Prof. Rob Howard, Professor of Old Age Psychiatry, UCL, said:
“This study is important because it is the first to be able to show that an increase in risk of about a quarter in common mental disorders, mostly mild anxiety and depression, in men who eat the most sugar cannot be explained by those who were already anxious or depressed using sugar as a form of comfort.
“Failure of the data to reveal an uncomplicated association between high sugar intake and subsequent development of more serious depression is also important. Study of larger and more representative participant samples, with better capture of the development of mental health symptoms, will be needed before we can add depression and anxiety to the long list of physical health conditions that we already know are linked to high dietary sugar intake.”
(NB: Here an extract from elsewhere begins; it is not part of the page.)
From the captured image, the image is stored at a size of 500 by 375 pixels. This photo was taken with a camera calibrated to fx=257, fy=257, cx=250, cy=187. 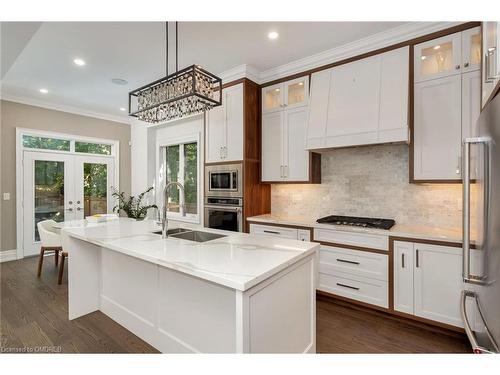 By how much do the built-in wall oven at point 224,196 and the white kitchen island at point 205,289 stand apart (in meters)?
1.24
* ‘Sugar intake from sweet food and beverages, common mental disorder and depression: prospective findings from the Whitehall II study’ by Knuppel et al. published in Scientific Reports on Thursday 27th July.
Ms. Collins: “No conflict of interest to declare”
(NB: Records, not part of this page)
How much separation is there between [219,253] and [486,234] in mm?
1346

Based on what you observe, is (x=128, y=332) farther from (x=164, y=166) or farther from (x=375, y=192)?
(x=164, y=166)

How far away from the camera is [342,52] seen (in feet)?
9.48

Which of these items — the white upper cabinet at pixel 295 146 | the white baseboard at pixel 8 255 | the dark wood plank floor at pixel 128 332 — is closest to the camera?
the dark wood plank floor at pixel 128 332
Prof. Tom Sanders: “Prof Tom Sanders is a Scientific Governor of the charity British Nutrition Foundation, member of the scientific advisory committee of the Natural Hydration Council (which promotes the drinking of water), and honorary Nutritional Director of the charity HEART UK. He is now emeritus but when he was doing research at King’s College London, the following applied:
“Tom does not hold any grants or have any consultancies with companies involved in the production or marketing of sugar-sweetened drinks. In reference to previous funding to Tom’s institution: £4.5 million was donated to King’s College London by Tate & Lyle in 2006; this funding finished in 2011. This money was given to the College and was in recognition of the discovery of the artificial sweetener sucralose by Prof Hough at the Queen Elizabeth College (QEC), which merged with King’s College London. The Tate & Lyle grant paid for the Clinical Research Centre at St Thomas’ that is run by the Guy’s & St Thomas’ Trust, it was not used to fund research on sugar. Tate & Lyle sold their sugar interests to American Sugar so the brand Tate & Lyle still exists but it is no longer linked to the company Tate & Lyle PLC, which gave the money to King’s College London in 2006.
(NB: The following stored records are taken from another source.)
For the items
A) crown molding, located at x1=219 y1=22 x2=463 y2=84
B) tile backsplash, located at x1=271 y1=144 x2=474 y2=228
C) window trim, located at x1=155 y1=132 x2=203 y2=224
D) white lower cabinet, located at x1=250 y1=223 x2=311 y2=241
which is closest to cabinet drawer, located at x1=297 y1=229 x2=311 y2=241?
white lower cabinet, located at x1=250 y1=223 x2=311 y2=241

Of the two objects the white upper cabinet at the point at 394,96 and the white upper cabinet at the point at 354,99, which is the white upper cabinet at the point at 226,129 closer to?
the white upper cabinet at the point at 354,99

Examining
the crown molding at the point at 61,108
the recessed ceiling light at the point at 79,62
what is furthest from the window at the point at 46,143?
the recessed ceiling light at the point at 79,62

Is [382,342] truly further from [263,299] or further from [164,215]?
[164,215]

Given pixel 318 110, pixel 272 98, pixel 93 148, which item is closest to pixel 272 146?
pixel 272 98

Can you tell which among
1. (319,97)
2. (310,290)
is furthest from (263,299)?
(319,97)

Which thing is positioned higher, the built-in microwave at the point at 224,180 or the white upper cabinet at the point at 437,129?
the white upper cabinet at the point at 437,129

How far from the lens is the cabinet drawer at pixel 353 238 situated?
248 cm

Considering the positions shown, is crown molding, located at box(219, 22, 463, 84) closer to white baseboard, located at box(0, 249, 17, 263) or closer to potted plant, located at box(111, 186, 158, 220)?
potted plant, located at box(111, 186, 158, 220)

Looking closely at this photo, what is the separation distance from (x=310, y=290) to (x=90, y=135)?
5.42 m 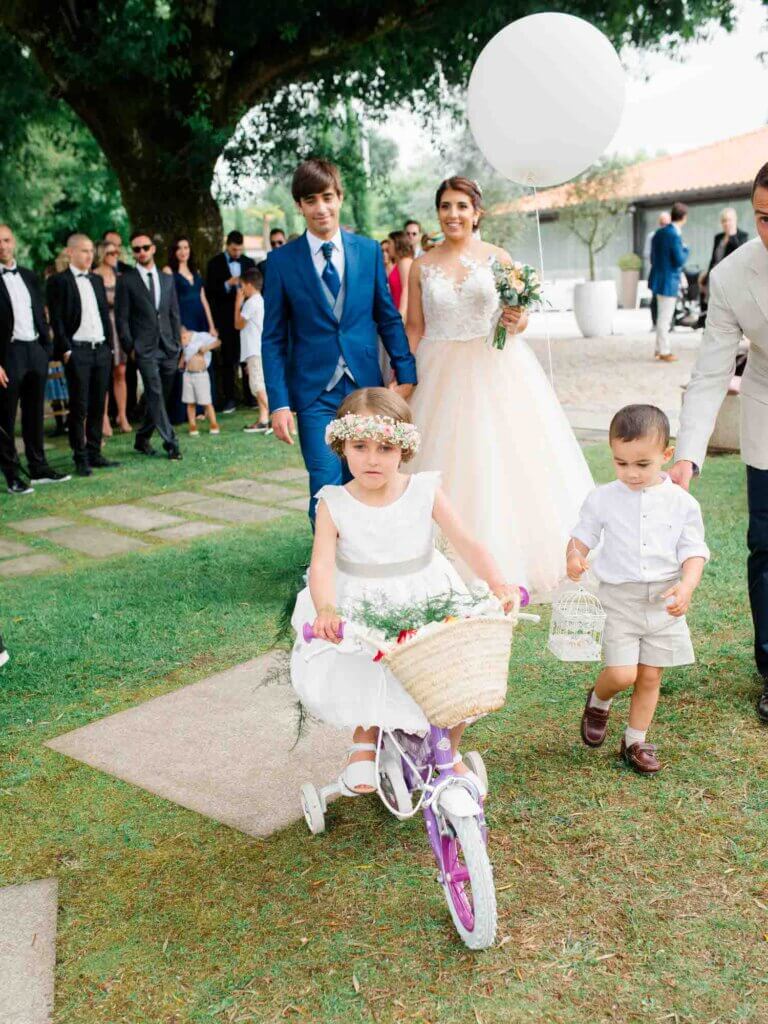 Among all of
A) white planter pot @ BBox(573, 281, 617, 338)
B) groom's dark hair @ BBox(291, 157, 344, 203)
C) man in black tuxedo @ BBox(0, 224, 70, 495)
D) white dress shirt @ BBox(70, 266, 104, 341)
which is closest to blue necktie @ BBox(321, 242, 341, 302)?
groom's dark hair @ BBox(291, 157, 344, 203)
“Tom also used to work for Ajinomoto on aspartame about 8 years ago.
“Tom was a member of the FAO/WHO Joint Expert Committee that recommended that trans fatty acids be removed from the human food chain. Tom has previously acted as a member of the Global Dairy Platform Scientific Advisory Panel and Tom is a member of the Programme Advisory Committee of the Malaysian Palm Oil Board. In the past Tom has acted as a consultant to Archer Daniel Midland Company and received honoraria for meetings sponsored by Unilever PLC. Tom’s research on fats was funded by Public Health England/Food Standards Agency.”
Prof. Howard: “Although I work at UCL, I have no connection with any of the authors of this study.”